ABOUT THIS EXERCISE
Everything from the line containing "this 196×200 image." to the last line of the records must be returned verbatim; nothing else belongs in the output.

TASK INPUTS
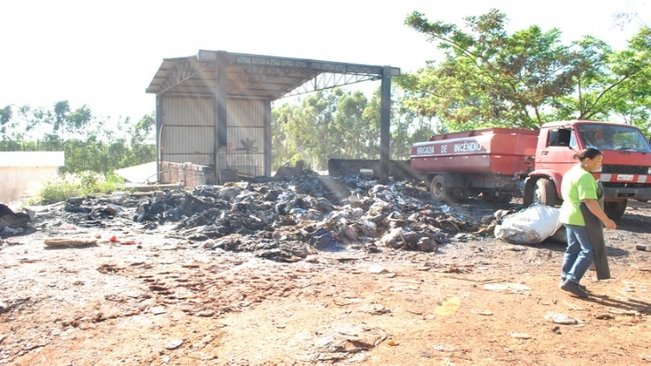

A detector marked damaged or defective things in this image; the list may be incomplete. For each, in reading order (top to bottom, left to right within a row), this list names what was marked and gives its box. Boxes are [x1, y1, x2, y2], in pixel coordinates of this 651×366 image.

burned debris pile [10, 172, 492, 260]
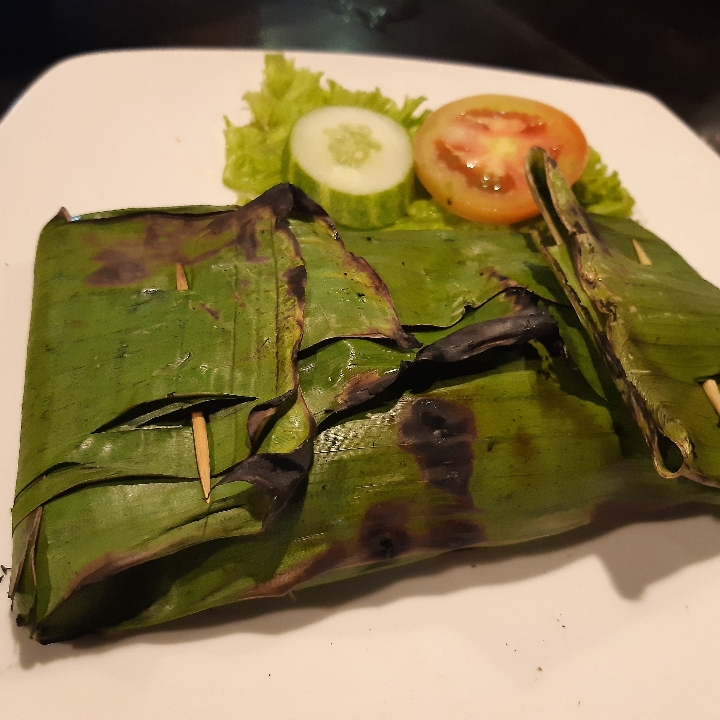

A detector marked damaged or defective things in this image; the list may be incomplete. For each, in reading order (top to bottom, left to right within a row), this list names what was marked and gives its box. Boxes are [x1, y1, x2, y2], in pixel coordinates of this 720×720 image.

burnt marking [400, 396, 478, 498]
burnt marking [356, 500, 408, 564]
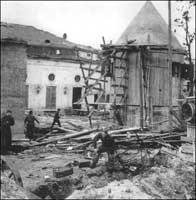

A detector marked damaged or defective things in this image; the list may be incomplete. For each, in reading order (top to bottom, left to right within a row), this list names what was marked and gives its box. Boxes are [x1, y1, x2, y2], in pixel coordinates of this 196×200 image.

damaged roof [0, 21, 97, 52]
damaged roof [116, 1, 184, 50]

OUTPUT FOR THIS TASK
A detector marked damaged or defective things in this image; the list may be incomplete. For each, in reading order (top to bottom, left to right within a row), this list names what was marked and gives its box. Boxes are [x1, y1, x2, y2], in pixel coordinates of this 196×200 image.

damaged roof [0, 21, 97, 52]
damaged roof [116, 1, 184, 50]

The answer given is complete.